I cleaned out the cam sensor, reset the code and it was good, for about 24 hours. Then the light came back!

It's not showing any problem, there's no obvious rattles from the timing, it idle just fine and when reset, the light stays off for a short while.

I think it might be vibrating more at idle, but I do tend to get paranoid after s car displays faults, so that could be just me!

My question is... is it worth replacing the cam and crank sensors and seeing where it stands? Is there anything I can try that might help me out here...? I am aware it is likely to the the timing chain, but I love this car and as that would probably kill it off, I am not ready to admit that to myself yet!

I've had this for about 4 years, sure it chews wheel bearings, makes some funky noises, but it's never let me down. It's been through mud, sand, snow... it's towed horses boxes, there's more hay in the nooks than a horses field, it's just a fantastic motor.

It's now 16 years old, and is sitting with 160k miles on the clock, so getting towards the end of its economical life...

It only went through an MOT 4 weeks ago, needed most of a new exhaust due to rust! It's also got rust on... Well, basically every panel now, but I just can't let it go!

I guess I am hoping for someone to tell me there might be life in the old girl yet!! 

Or just bring me down to earth with the reality!

Any input would be greatly appreciated.

Thanks guys,

Mike


----------



## quadraria10 (Jul 6, 2010)

If you have never replaced the cam and crank sensors it is probably worth replacing them. Yours uses the same ones as for the 2.5 engines and those have proven to be problematic with age and high mileage. Do some research on issues with them. Your 2003 probably has the old original plastic ones that ended up being redesigned. Well worth changing, though its recommended that you get Nissan ones. The kit below is now hard to find and is a great deal. Its the same part used in yours as the 2.0 and 2.5 engines used the same sensors
https://www.ebay.com/itm/B3731-6N21...451943&hash=item2a9e4bf57c:g:i80AAOSwWUlar7dX

The above listing shows the new sensor design and the crank and camshaft sensors are the same and interchangeable.
For fun call your local dealer for the price to buy them separately. You will then see the deal of buying them as part of the kit they made for altimas and sentras. Just make sure you get genuine Nissan ones, as many of the listings especially cheap ones from China are not and can be iffy. Good luck with your X. Its mileage is not that high should have lots of life in it yet.


----------



## Mike99295 (Mar 21, 2019)

Thanks very much for the prompt reply.

Okay, sounds like a plan, glad to hear it might not be worse case afterall. 

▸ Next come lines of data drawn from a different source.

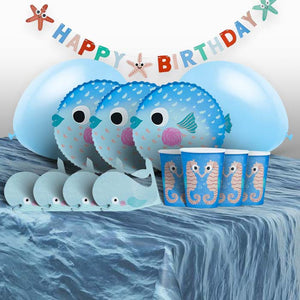 Whale of a Time Party Pack with Decorations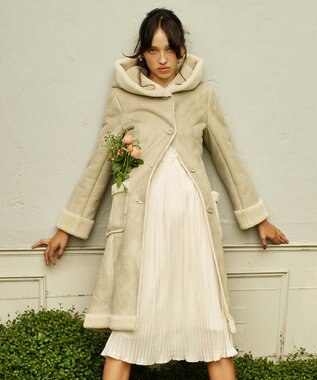 TOCCA 【洗える！】STAIRWAY ドレス ベージュ系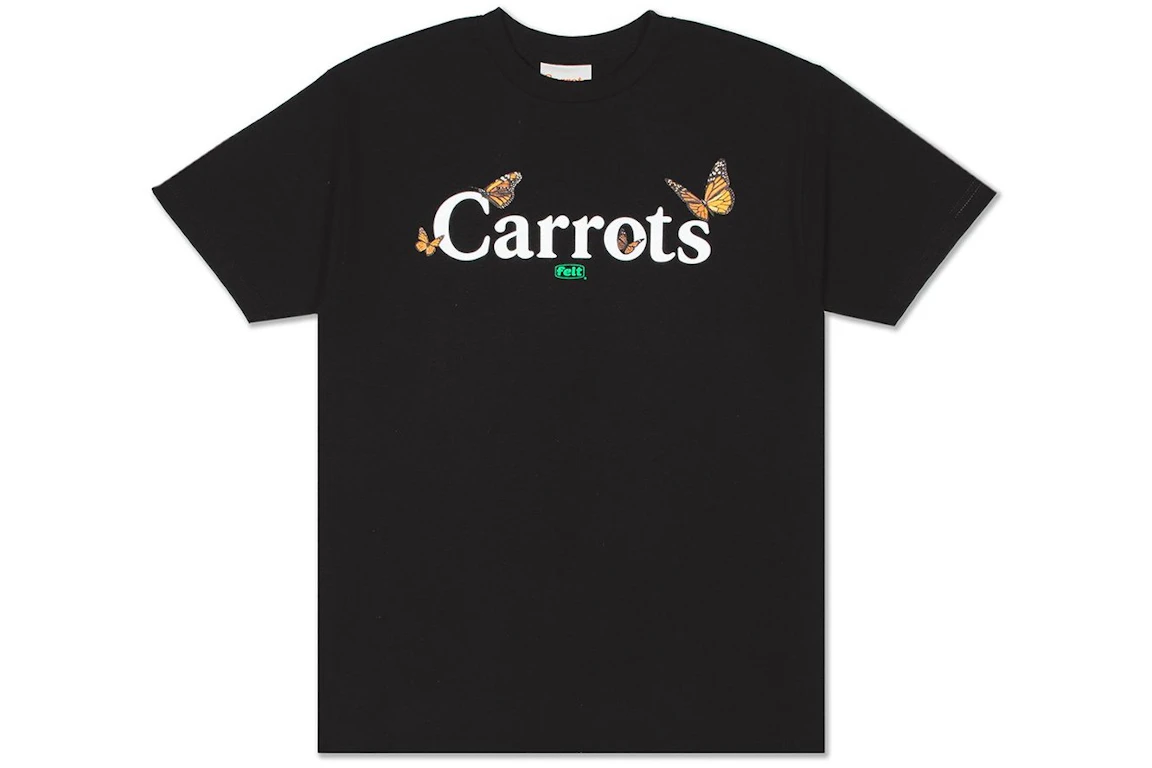 Carrots x Felt Butterfly T-shirt Black
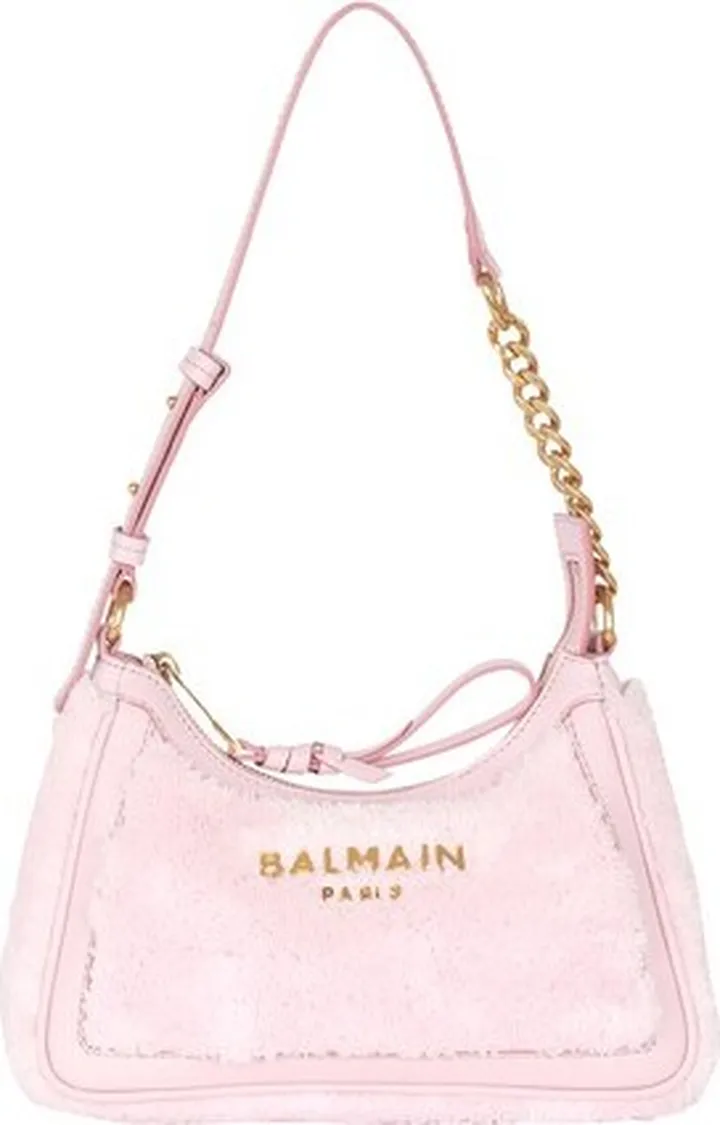 B-Army terry cloth bag with leather details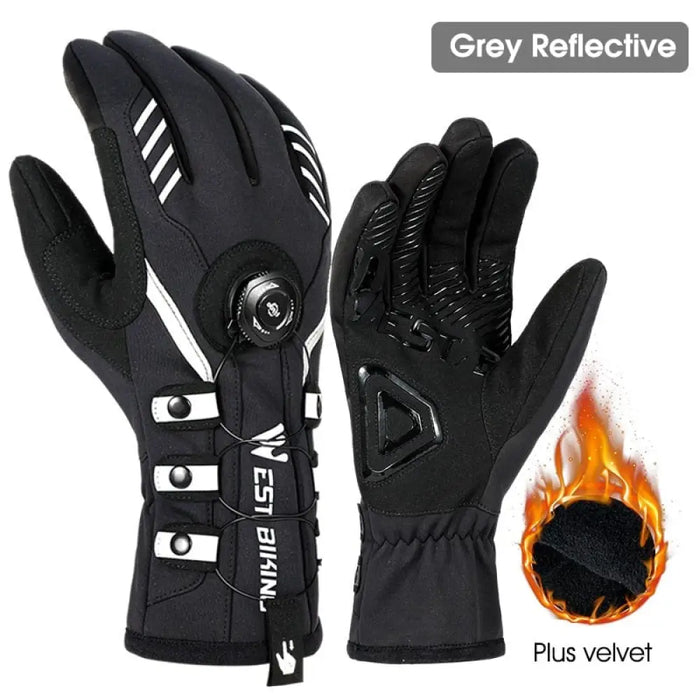 Adjustable Self-locking Cycling Gloves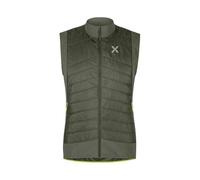 MONTURA Trace Hybrid Vest, Gilet versatile e protettivo da Uomo, ideale per le avventure ad alta quota (IT, Testo, M, Regular, Regular, Verde Salvia/Verde Lime)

I contacted my local mechanic yesterday who I've been using for the truck for years to find out he's packed in and gone and joined a motorsport team, that was a surprise as he only sorted the MOT for me four weeks so back..! He also suggested trying the sensors first given their relatively cost, so it's great to have an agreeable second option too.

I've had the cam sensor out and it is indeed the old plastic design, so will gladly give it a shot.

I'll let you know how it gets on, might be a few days if the OEM sensors are not available locally, but I'll be sure to update when I can.

Thanks,

Mike


----------



## quadraria10 (Jul 6, 2010)

Glad to help. As you know that code can indicate something greater is wrong, but it can also indicate your crank sensor is bad. The sensors are due for changing anyway in my book. Anyone with a gas operated T30 X trail should have them changed or had them changed by now. I replaced mine two or three years ago on my 2006. Personally, it is a bit of a safety issue as when the crankshaft sensor fails the engine will stall and can leave you stranded or worse caught in the middle of an intersection. 
Let us know how it turns out, but I think you are on the right track to fixing it.


----------



## Mike99295 (Mar 21, 2019)

Just for fun.... Nissan UK - £88.30 + vat each, so £211.92 all in for the two!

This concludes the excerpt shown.